Group Alerts Severity Range
Availability DakeraDown, HighErrorRate, NoTraffic warning / critical
Performance HighLatencyP95, HighLatencyP99, MemoryApiLatency, InferenceSlow warning / critical
Resources HighMemoryUsage, CriticalMemoryUsage, HighCpuUsage, HighActiveRequests warning / critical
Cache L1HitRateLow, L2HitRateLow info / warning
Decay Engine Stalled, SlowCycle, HighExpiryRate warning / info
Storage MinIODown, MinIOHighLatency warning / critical
Cluster ClusterDegraded, ClusterOffline, ReplicaCountLow warning / critical
Prometheus TargetDown, ScrapeErrors, StorageNearLimit info / warning

Notes

  • Cluster alerts (DakeraClusterDegraded) assume HA mode (3 nodes). Single-node deployments should silence these via Alertmanager — documented in the file header.
  • Resource alerts require deploy.resources.limits.memory to be set in compose for container_spec_memory_limit_bytes to be available. This is already configured in all compose files.
  • All for durations are tuned to avoid alert flapping on transient spikes.

…ments

Add 22 production-ready alert rules across 8 groups:
- Availability: service down, high error rate, no traffic
- Performance: p95/p99 latency, memory API latency, slow inference
- Resources: memory/CPU usage, active request saturation
- Cache: L1/L2 hit rate degradation
- Decay engine: stalled cycles, slow cycles, high expiry rate
- Storage: MinIO down, MinIO latency
- Cluster: node count, replica count (HA-only, documented)
- Prometheus: target down, scrape errors, storage usage

Changes:
- New monitoring/alerting-rules.yml with all alert definitions
- Updated monitoring/prometheus.yml to reference rule_files
- Updated all compose files (monitoring, single-node, HA) to
  mount alerting-rules.yml into the Prometheus container

Tuning notes included: for durations, container memory limit
dependency, HA-only cluster alerts flagged for single-node users.
@ferhimedamine

Copy link
Copy Markdown
Contributor

🤖 [Agent: CTO] Code Review — Prometheus Alerting Rules

Assessment: Well-structured alerting rules with proper severity levels, flap prevention (for durations), and comprehensive coverage. Good work.

Technical observations:

  1. Metric name verification needed: Several referenced metrics (dakera_cache_hits_total, dakera_l2_cache_hits_total, dakera_decay_run_total, dakera_decay_cycle_duration_seconds, dakera_cluster_nodes_total, dakera_replica_count) should be verified against our actual /metrics endpoint export. Some may not exist yet — particularly cluster/replication metrics.
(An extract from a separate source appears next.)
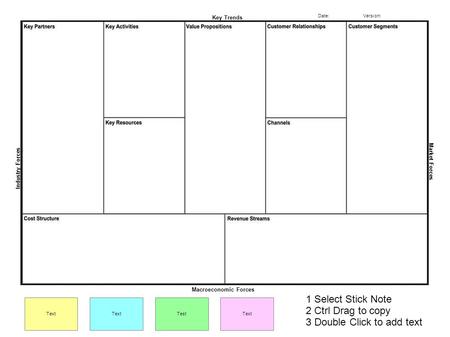 Text TestText 1 Select Stick Note 2 Ctrl Drag to copy 3 Double Click to add text Date:Version: Market Forces Key Trends Industry Forces Macroeconomic Forces.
  2. Hardcoded CPU limit: The DakeraHighCpuUsage annotation says "container limit is 4 cores" — this is deployment-specific and should note it's configurable or use a query against container_spec_cpu_quota.

  3. Cluster alerts: DakeraClusterDegraded and DakeraClusterOffline assume HA mode (3 nodes). The header comment correctly notes single-node deployments should silence these, but consider adding a dakera_cluster_enabled guard expression.

  4. Good patterns: Tiered severities (warning → critical), info-level for expected high-volume events (memory expiry), and the cache hit rate recommendation to increase DAKERA_L1_CACHE_SIZE are helpful.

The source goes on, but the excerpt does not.